Except from commit-time, no other caching is enabled since these are passthrough block devices.

First one was running on ext4, probably choke on too few IOPS because it was an external hard drive some years old. A reboot often took >3min. After a reboot, almost al databases turned out to be corrupted. Since I also lost some data on it and also saw many database errors on the forum, I decided to move the database to the internal SSD-drive (BTRFS in RAID). Besides, I had some other crappy drives lingering around and decided to combine them to one storage node using mergerfs with func.create=pfrd to distribute the IOPS. Rendering this storagenode as a “testing” node, since I consider this one as most unreliable (multiple old drives, accumulating the chance of failure). If a modification doesn’t knock out this node, it won’t probably knock the other nodes. Although funny is that this node, is getting about the most ingress of them all now.
Second one, was already started with DB on the data disk (external SSD this time), which I formatted XFS. It was running fine till one day after a reboot three databases turned out to be corrupted. All running fine since I moved the database to the internal drive.
Third one, was already on the internal drive. But some day a process on the host caused an OOM-situation, in wich the node process was killed. After that the databases turned out to be corrupted (my other post, in which I overlooked the database error).

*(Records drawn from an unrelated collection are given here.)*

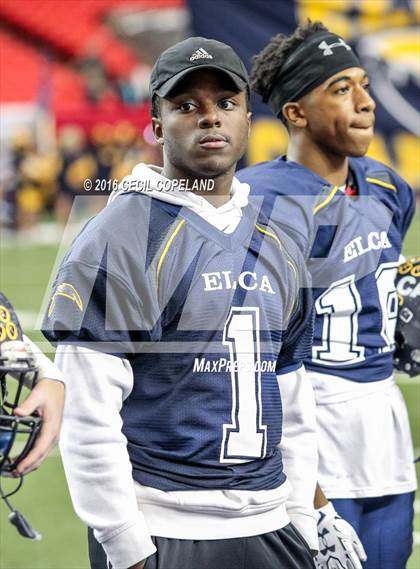 Thumbnail 1 in Eagle's Landing Christian Academy vs. Fellowship Christian (GHSA 1A Private Final) photogallery.
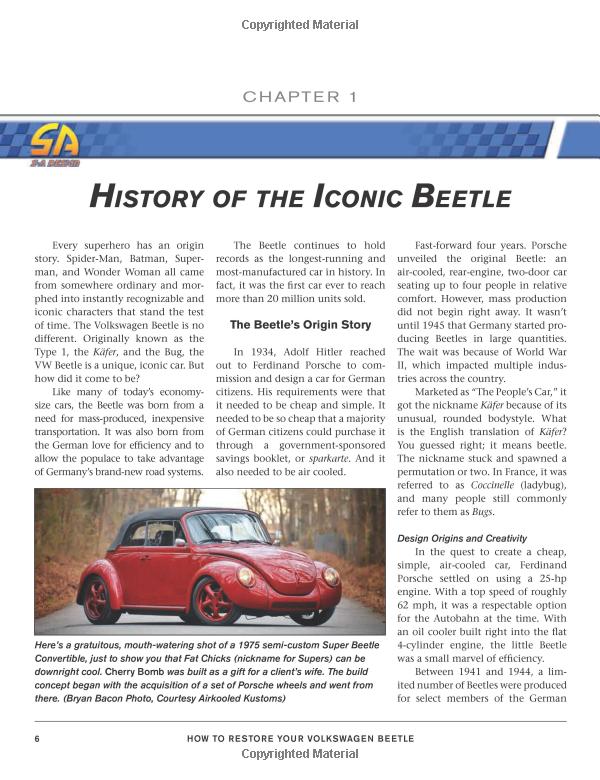 How To Restore Your Volkswagen Beetle Book - SA426 - 11-1048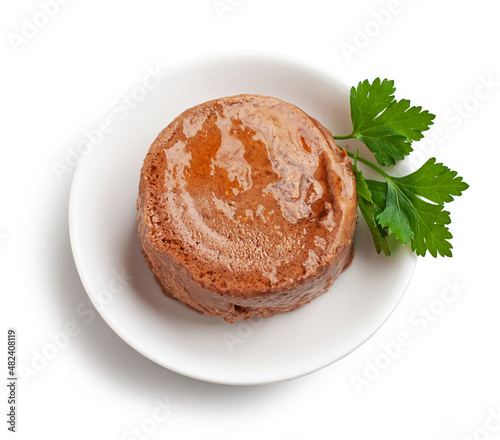 pet food on white background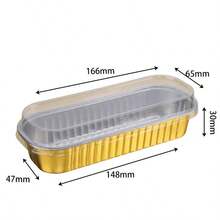 10/30/50pcs Gold Aluminum Foil Food Packaging Boxes, BBQ Pans, Durian Boxes, Cheese Boxes, Baking Foil Bowls, Food Boxes, Food Box Kitchen, Food Boxes Fries, Food Containers, Cake Box, Cupcake Boxes, Candy Boxes, Takeaway Food Storage Containers, Sandwich Trays With Lids, Popcorn Boxes ﻿ - Gold - View 11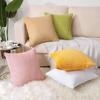 2pcs Windmill Textured Striped Patchwork Corduroy Throw Pillow Covers - Soft Modern Farmhouse Decor for Sofa, Couch, Bedroom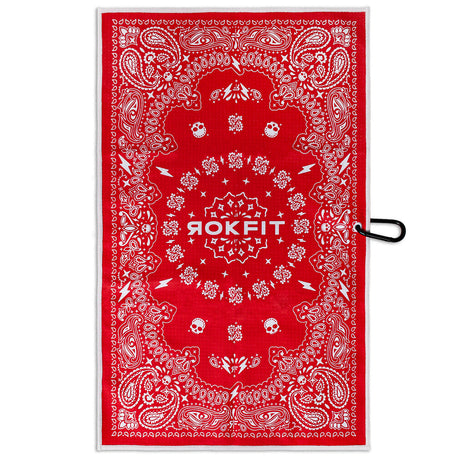 Utility Towel - Paisley Red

For sure, but as @arrogantrabbit already correctly postulates some single failures will take ages to detect.

Great, that’s something I could underline.

I really doubt whether you see them all. For example, I had already three occurences and only reported one on the forum. People not caring their stats, just throw away the databases and will have a full running and functional node afterwards in most situations.

Jice · June 15, 2023, 9:26pm

So what is the main advice for not corrupting data? No reboot, no power lost and snaps/backup will not help? How to ensure yourself?

arrogantrabbit · June 16, 2023, 12:45am

All of the above.

no power loss, only gracefully shutdowns
no killing the node process
- give it as much time to shut down as needed.
- make sure OOM monitors don’t kill it
don’t cross kernel boundaries (I.e. don’t host database on the host when node runs in a VM)

I’m do you want to backup these databases — you need to export data from it and backup that data. But I don’t see personally a point in saving them. They are purely cosmetic. I would love an option to avoid generating them. I don’t really care about nice graphs in the dashboard.